Friday, 26 June 2015

Be careful who you admire: he may have a shady side...

We all, though men perhaps more than women, have a tendency to feel respect for the war hero. It may be slightly grudging respect, if we’re basically anti-war, but there’s something slightly appealing about those who show boldness, cleverness and success on a battlefield.

Napoleon. Wellington. Lee. Grant. Rommel. Patton. Remarkable men, somehow, whatever their faults.

Sometimes, though, it makes sense to look a little more closely. Take, for example, this unusual individual from the US Civil War.

He was, arguably, one of the finest cavalry commanders the world has seen. Interestingly, he didn’t really use cavalry as cavalry. As Bruce Catton points out, in his American Heritage History of the US Civil War he:

…used his horsemen as a modern general would use motorized infantry. He liked horses because he liked fast movement, and his mounted men could get from here to there much faster than any infantry could; but when they reached the field they usually tied their horses to trees and fought on foot, and they were as good as the very best infantry.

His innovative use of the arm was probably down to his having had no formal military training – he’d never been taught to think in the old terms. In fact, he’d had little education of any kind. Following his father’s death, he’d taken charge of his family at seventeen – at least as effectively as he later led soldiers in battle: he became one of richest planters in the country.

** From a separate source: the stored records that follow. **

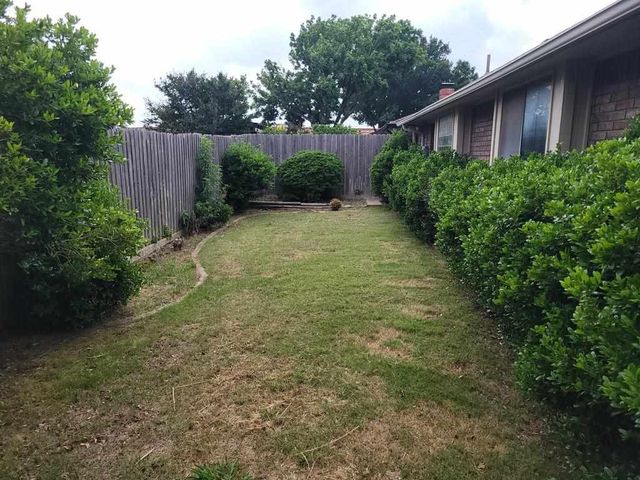 636 NW Waterford, Lawton, OK 73505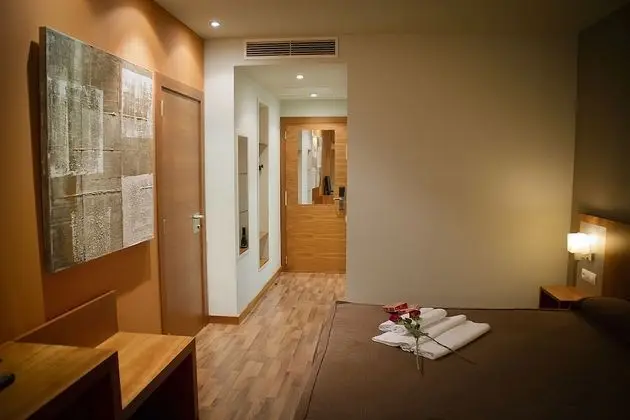 Büyük Yataklı Tek Kişilik Oda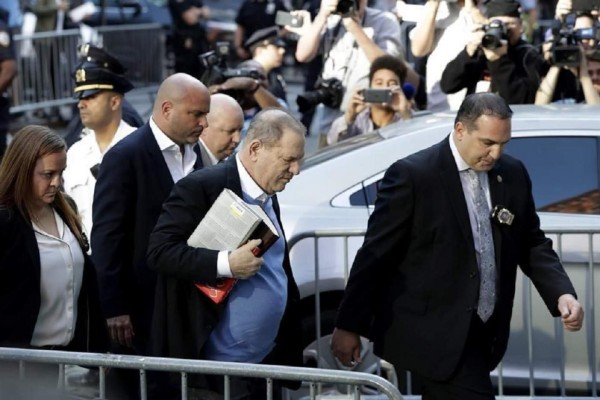 Harvey Weinstein paga fianza de un millón de dólares y sale libre, tras entregarse a la policía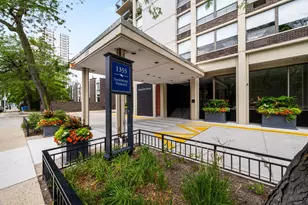 1355 N Sandburg Terrace, Chicago, IL 60610 - Photo 1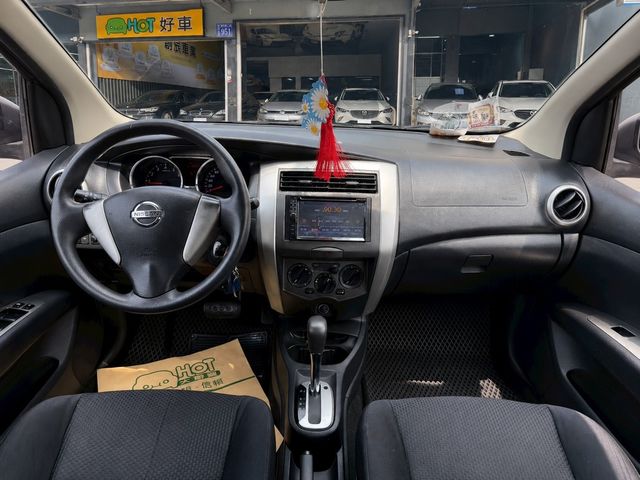 NISSAN日產 LIVINA  第2張相片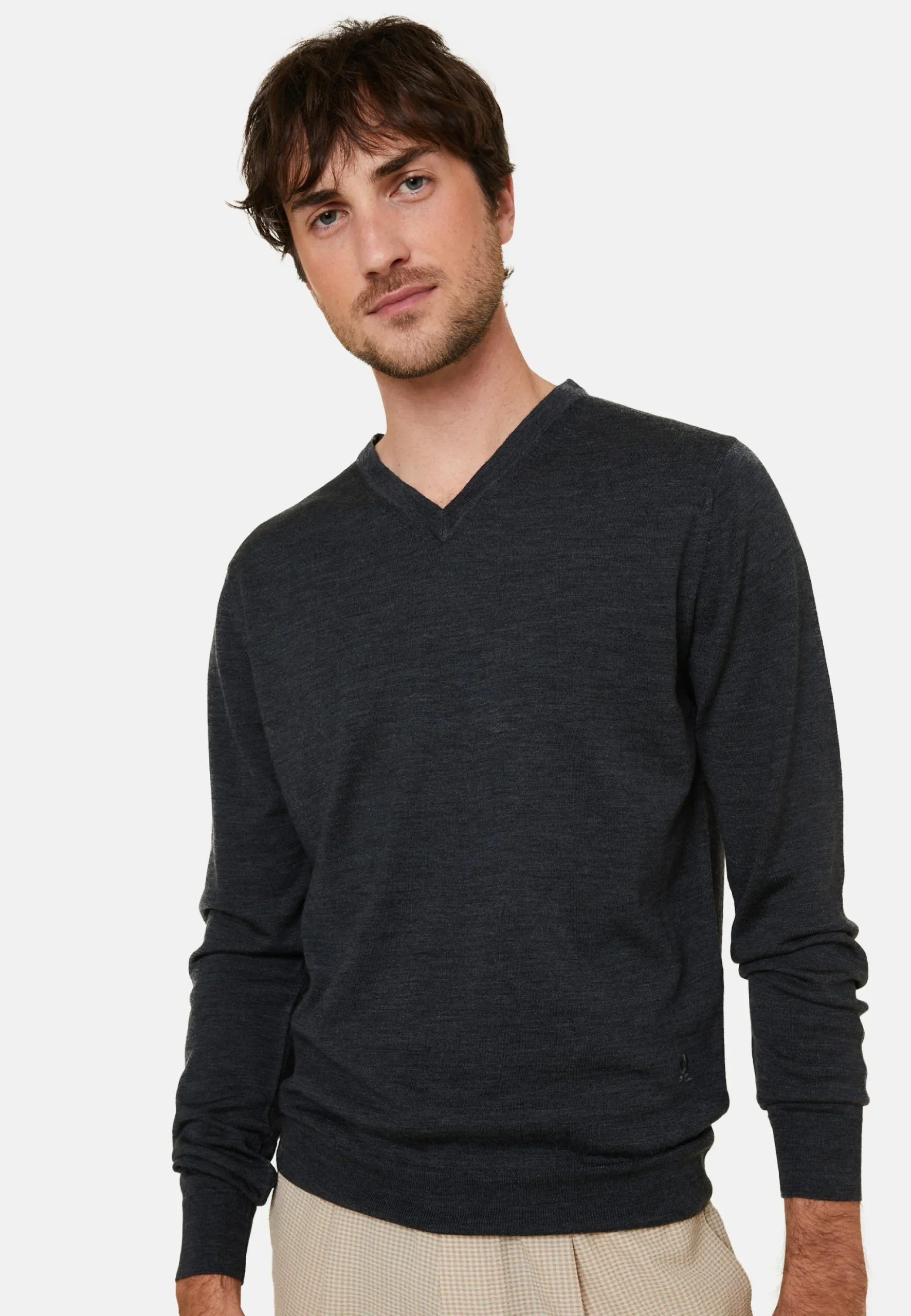Maison Montagut Pull Col V Avec Logo En Laine Merinos - Elmo>Homme Pulls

That word planter is a first clue to his identity. Yes, he was on the Southern side of the Civil War. That shouldn’t be altogether surprising: the Confederacy unfortunately had more than its fair share of effective generals – had the Union had a few more, the war might have been over a little more quickly with fewer dead.

Unusually, and again admirably, he joined the Confederate army as a private, despite his wealth. However, when he offered to pay out of his own pocket to equip his unit, his superiors moved him up the ranks rapidly, so he became one of a tiny band of individuals to have travelled the whole route from simple soldier to general.

Sherman said of him that there would never be peace in Western Tennessee until this dangerous opponent was dead, which is certainly a measure of the respect in which his opponents held him.

What made him so effective? He explained his approach in terms that are frequently misquoted. We can turn again to Bruce Catton, who tells us than in his view:

…the essence of strategy was “to git thar fust with the most men.” Do not, under any circumstances whatever, quote Forrest as saying 'fustest' and 'mostest'. He did not say it that way, and nobody who knows anything about him imagines that he did.

So we have a name. This remarkable man was Nathan Bedford Forrest, who gave his name to he eponymous hero of the film Forrest Gump.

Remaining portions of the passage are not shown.